Note: this entry was already published in my old Spanish version of this blog, around April / 2011. I am just visiting it here for its possible interest.
When I was trying to learn something about Physics, my mind blew up with the affirmation that said that accelerator, steering wheel and break where all them accelerators. Accelerator is whichever device that creates some force that changes the movement status of a certain object and changes it's acceleration or direction.
Same stupid face I showed when I've realized that the controls of our amps (volume, gain, tones) aren't amplifying nothing but, that they are in fact ATTENUATORS!!!.

In fact, an amplifier is a power attenuator, at the end, because it reduces the total input power (often twice the delivered output power) to amplify that weak guitar signal.
The amp cannot add nothing but, reduce what already exists.

So, if we had a direct signal guitar -> preamp -> power amp -> speaker, we would have the maximum "amplifying" power of the amp (without controls). Every control we add is reducing such a maximum power.

It's true that our guitar signal is being amplified but, this is being achieved be consuming part of the input power to do such a task. So the output power is lower than the input power, even that our output guitar signal is higher than our input guitar signal. Lots of the input energy was wasted for such a task.

To understand where our controls were place and which are their functions, can help us to understand how to better achieve the tone we are after. And, that's all about this blog entry.

Here we go...


Amplifying elements: tubes

The electric signal generated by a guitar is really low. AC voltage goes around 300 mV (mili-volts) and, current level is also low. Guitar' signal by itself is unable to move the coil of a speaker, that is the way we use to translate (transduce) the electric energy into air pressure energy.

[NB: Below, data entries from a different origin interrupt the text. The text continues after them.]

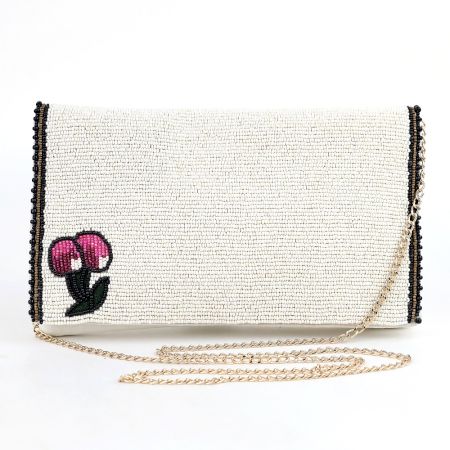 Blush Bloom Minimalist Beaded Clutch with Chain Strap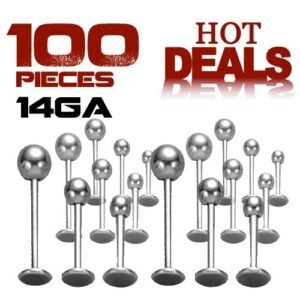100pcs PCK - 14GA Surgical Steel 316L Labret  Package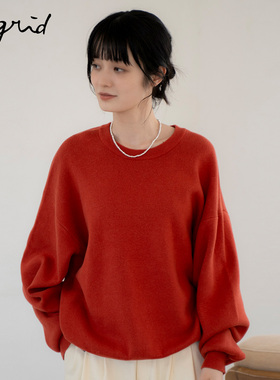 Ungrid25冬季新品日系纯色羊绒混纺蝙蝠袖毛针织衫上衣1125626826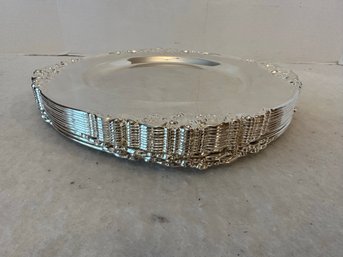 Set Of 12 Vintage Silverplate Trays / Plates, 12 1/2' Diameter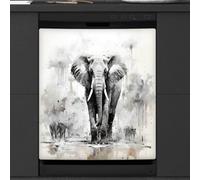 Mexpekil Autocollant magnétique décoratif imperméable pour lave-vaisselle Motif éléphant 53,3 x 66 cm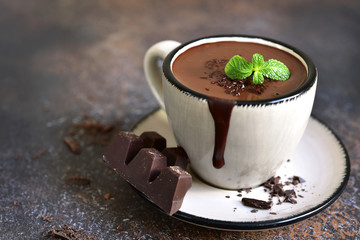 Portion of homemade mint hot chocolate in a cup.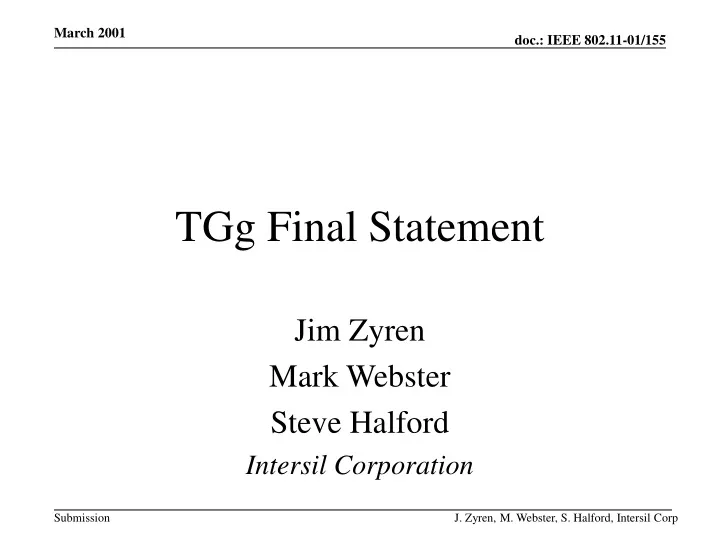 tgg final statement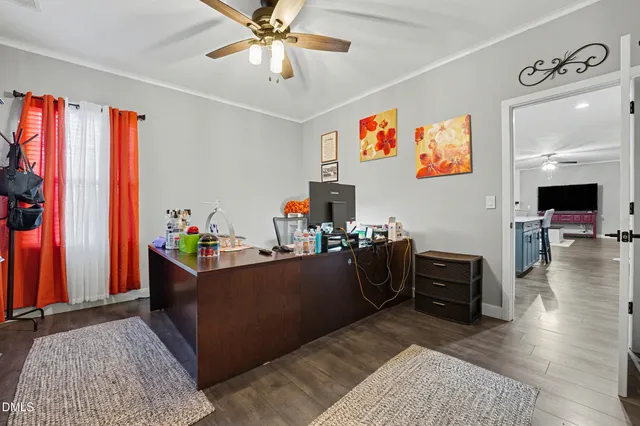 a front view of house with chair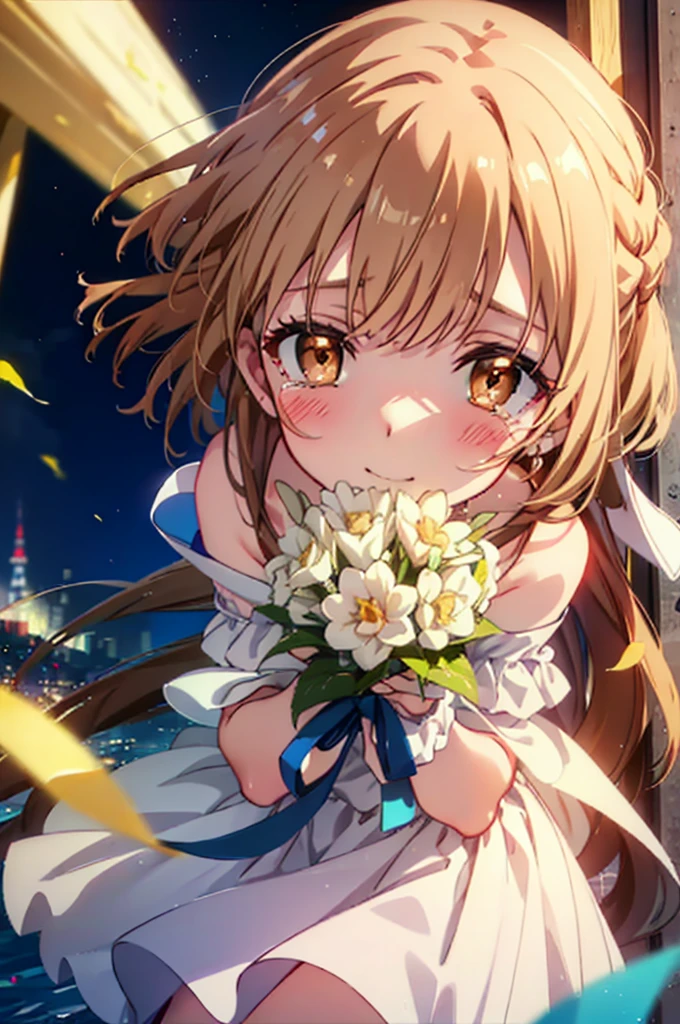 a sun ayuuki, a sun a yuuki, Long Hair, Brown Hair, (Brown eyes:1.8),smile,blush,Off-the-shoulder wedding dresses,necklace,Wedding Skirts,Holding a bouquet in both hands,Clear skies,Tears stream down her face,Tears of joy,I cry a lot,Flower storm,whole bodyがイラストに入るように,night,night景,
break outdoors, バルコニー
break looking at viewer, whole body,(Cowboy Shot:1.5),
break (masterpiece:1.2), Highest quality, High resolution, unity 8k wallpaper, (figure:0.8), (Beautiful attention to detail:1.6), Highly detailed face, Perfect lighting, Highly detailed CG, (Perfect hands, Perfect Anatomy),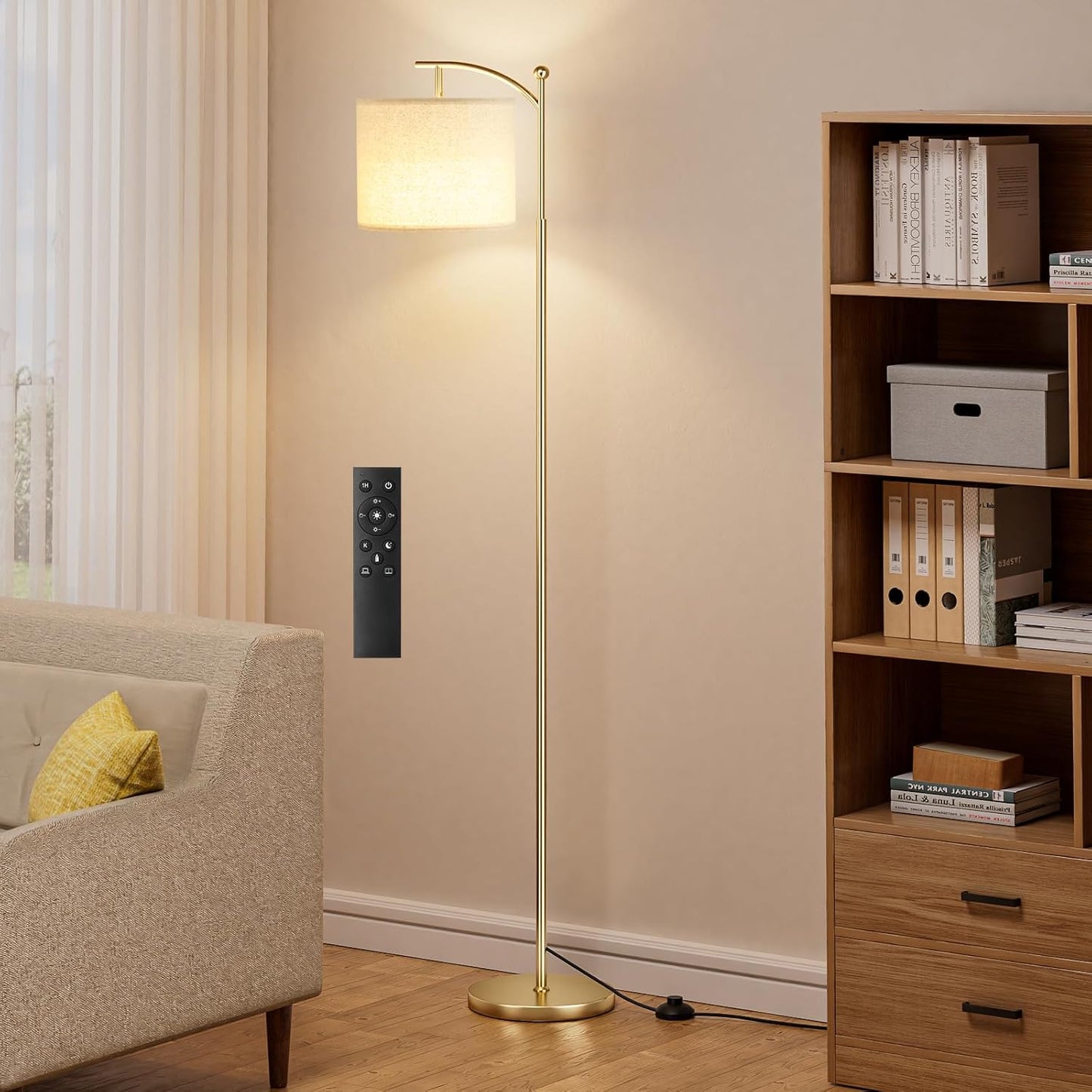 Modern 60" Floor Lamp with Remote Control & Dimmable LED Bulb - Beige Shade, Adjustable Brightness for Living Room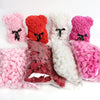 A collection of pink and red PE foam artificial rose flowers in various shades and colors, some shaped like teddy bears.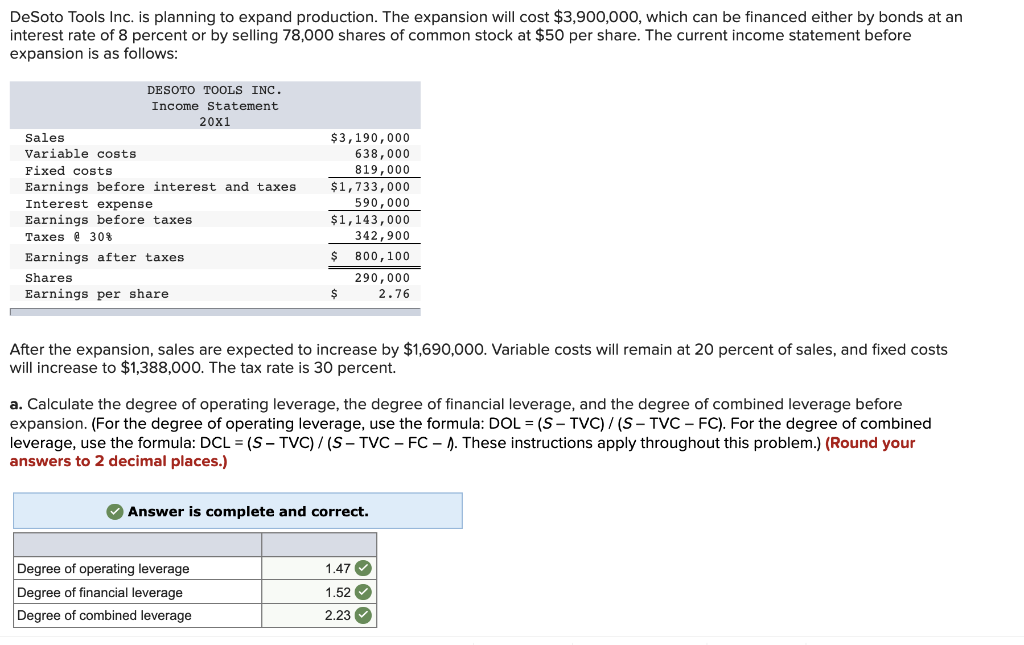 Solved DeSoto Tools Inc. is planning to expand production.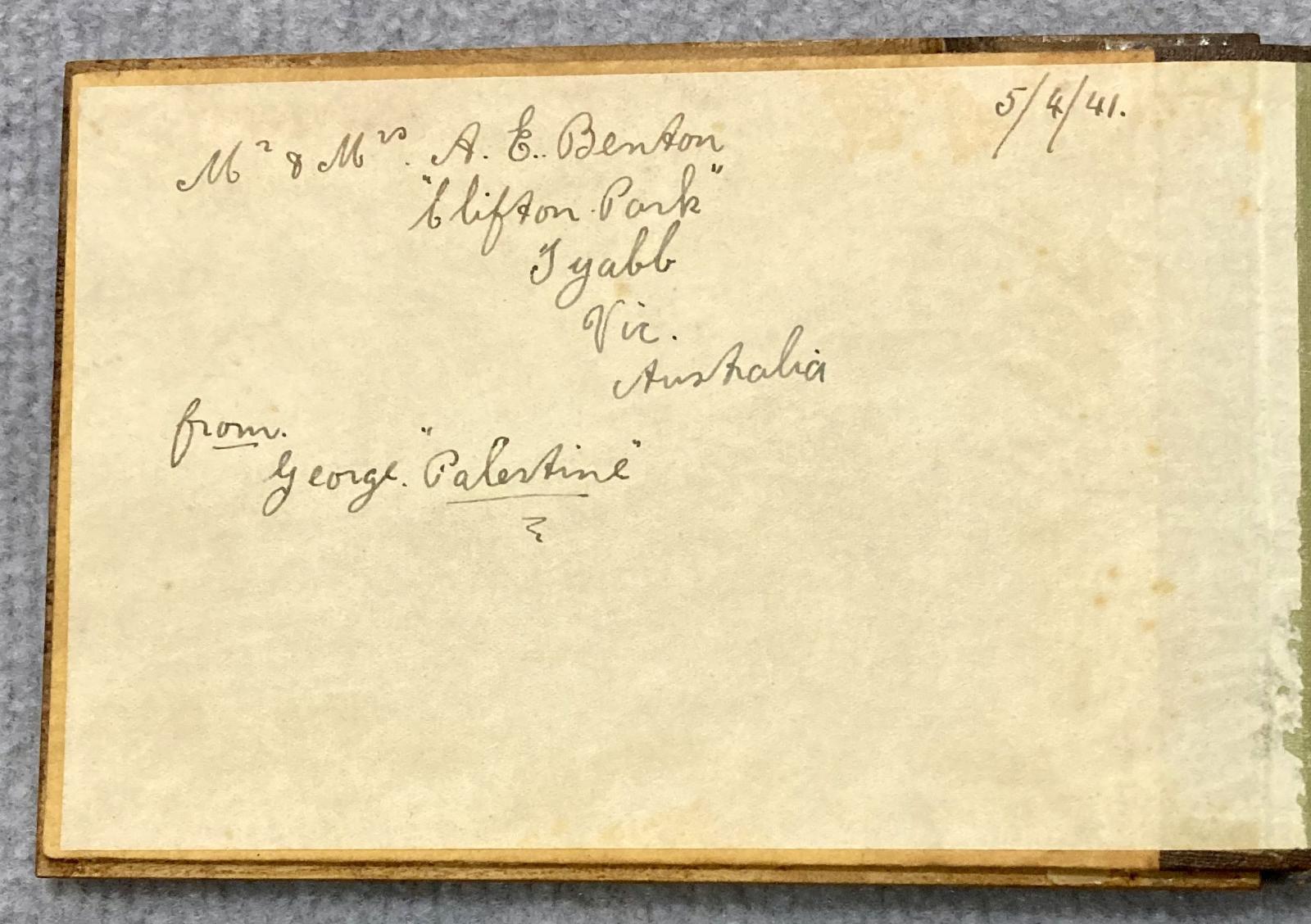 Dedication from George Benton to parents on inside cover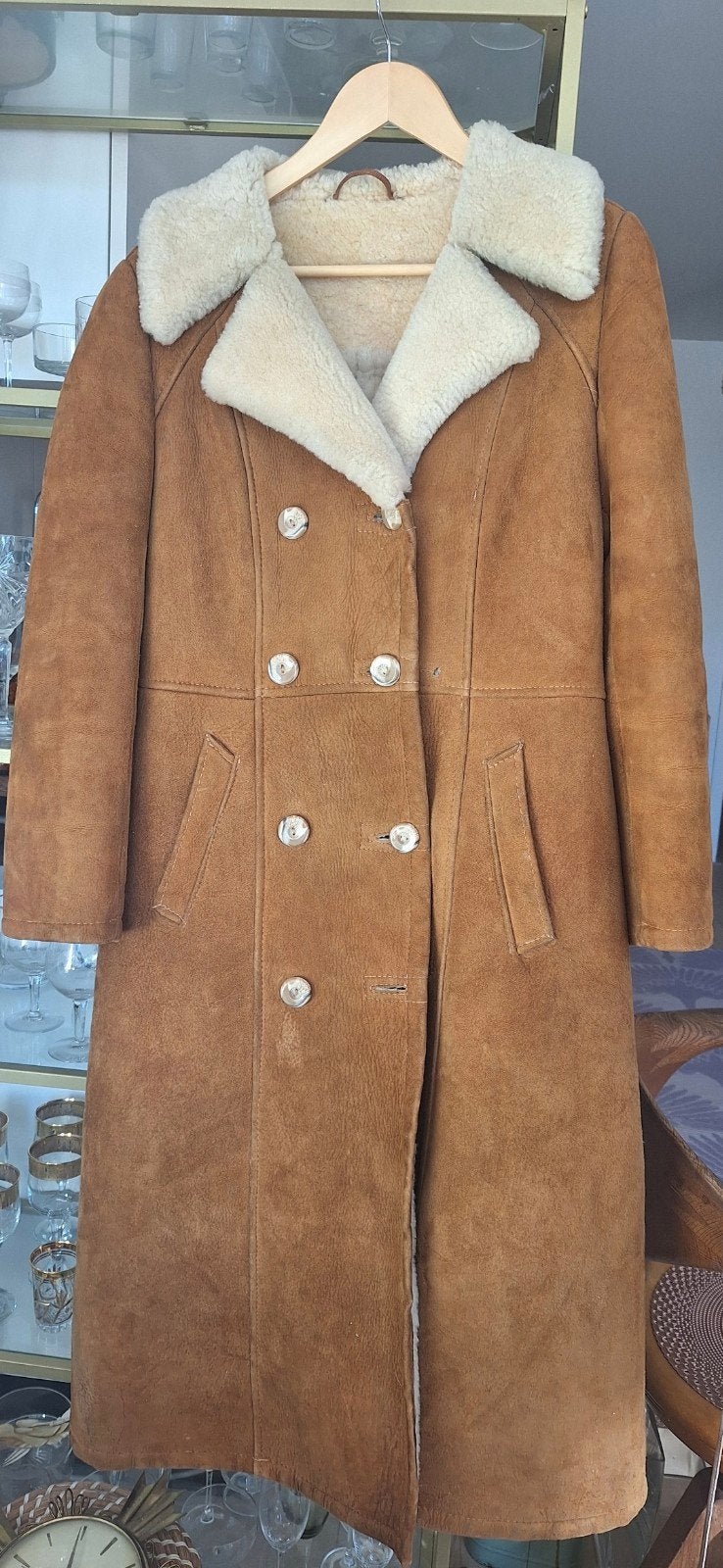 Vintage lammy coat, schapenvacht jas - Maat M, Kleding | Dames, Bruin, Onbekend, Gedragen, Ophalen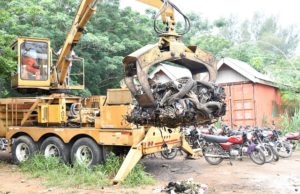 Photos: Lagos Embarks On Crushing Of Seized Motorcycles, See Images ...the motorcycles, after being crushed in Lagos on Friday...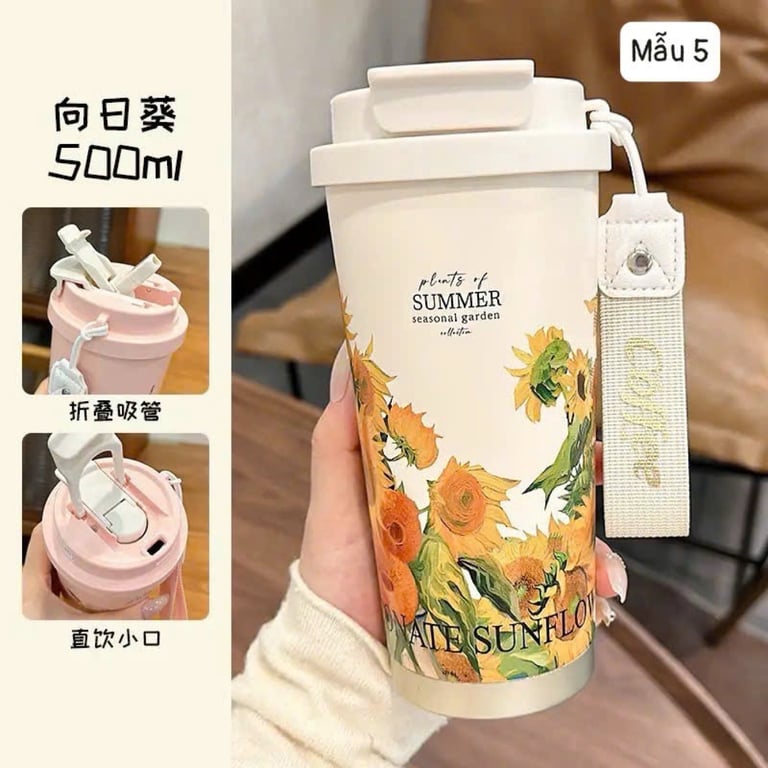 CỐC GIỮ NHIỆT HOA LÁ CÀNH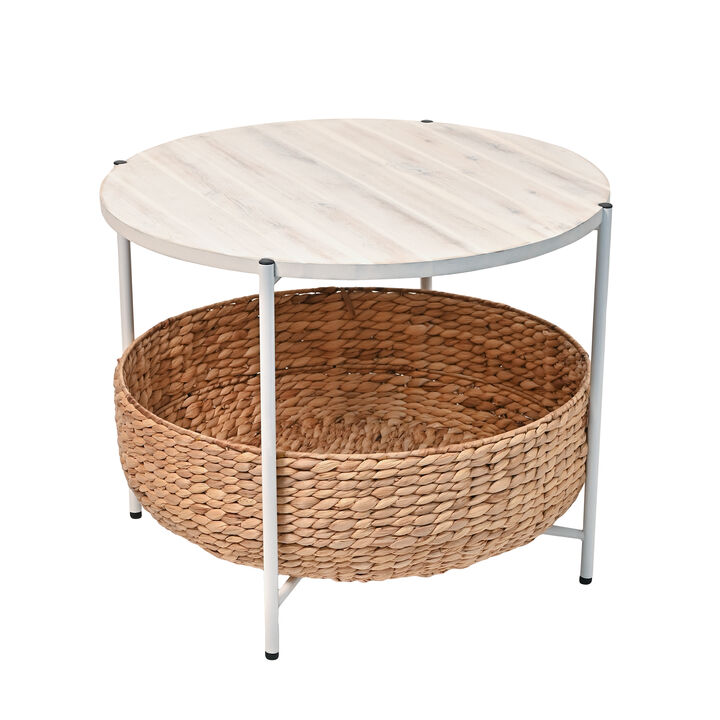 Carly 24.21" Modern Coastal Round Acacia Wood/Water Hyacinth Coffee Table with Storage Basket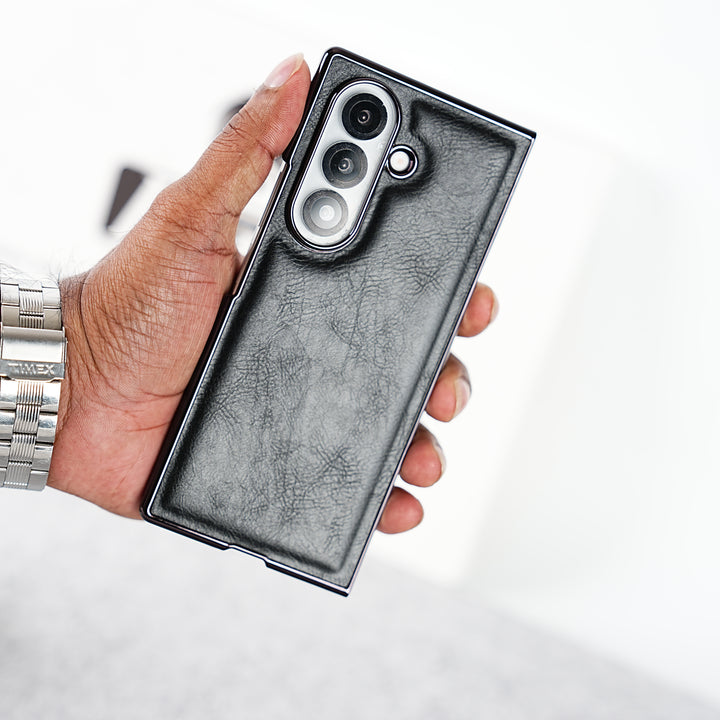 Samsung Galaxy Z Fold 7 PU Leather Chrome Plated Front Screen Protector Case Cover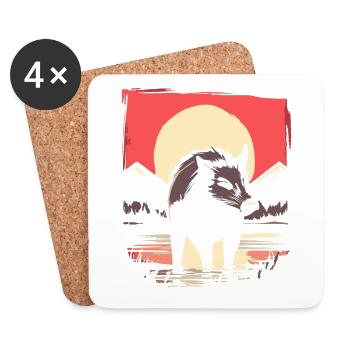 Japanese Red Sun: Wild Boar Pig - Coasters (set of 4) - white - Front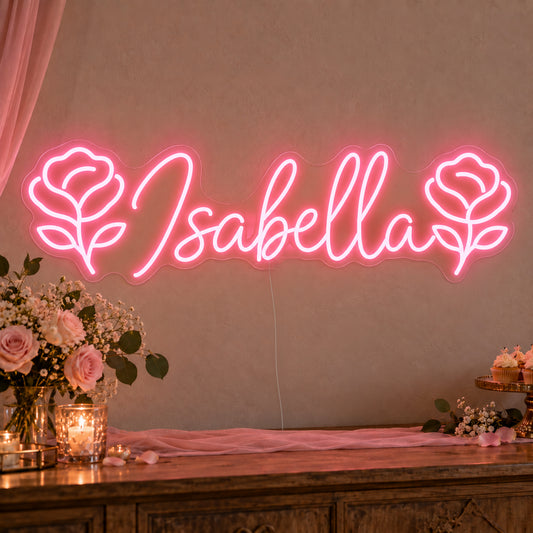 Personalised Name Roses Neon Sign on clear cut-to-shape acrylic in an illuminated wall display; example personalisation shown.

That's why we need a guitar amp, to increase guitar signal levels up to an energy level enough to move speakers coils with authority.
The amp gets the signal delivered by the guitar and "sculpts" it (reducing some unwanted frequencies or adding some harmonics or clipping it, by example) and, rises the power of such a signal to those levels needed for speakers.
Therefore, basis function of preamp and power tubes is just to amplify several times the input signal.

To amplify a signal, tube amps need at least a triode. Most of  Pre-amp tubes that you will find in a guitar amp have a pair of triodes (family 12AX7 or ECC83 and similar 5751, 7025, etc.). This is the same than to say that each preamp tube has two amplifying stages.

If each triode was able to rise the signal 10 times the input signal, if we link the output of the first triode to the input of the second triode, we will amplify the signal 100 times (10 from input triode 1 to output triode 1 and, will multiply by 10 triode 1 output in triode 2).
In following picture, T1 is the first triode of tube V1 and, T2 is the second triode of same tube.



Each triode has a maximum gain level were the original signal "fits" without distortion. In the same way that you will zoom a picture on your screen up to a limit were part of the picture cannot be shown (crop), tubes clip that exceeding amount of signal (peaks). Probably one of the uglier distortion types that you can find in a tube. Tubes introduce several types of distortion: harmonics of different order, floor noise and other thing that we will not discuss here to don't go lost.

So, every preamp tube is like two independent amplifying stages that can be cascaded (stacked) to multiply the gain level.

Since the guitar' signal level is really weak, to "overflow" the first triode it's really difficult (we can go from 300 mV to 3000 mV = 3 V, by example) but, when crossing the second triode, the signal level can be too much and, therefore it's easier to cross the threshold between clean amplification and distorted amplification.


Volume

To better control the signal flowing between the first and the second triode, a regulation element was designed, to attenuate (yes, to attenuate!) the amount of signal entering in the second triode.
A variable resistor (a potentiometer) was provided for that and it was called Volume.
Just inserting that Volume pot there, even if it's totally open, it creates some resistance that drops a bit the voltage in that part of the circuit (once more, we are attenuating the signal).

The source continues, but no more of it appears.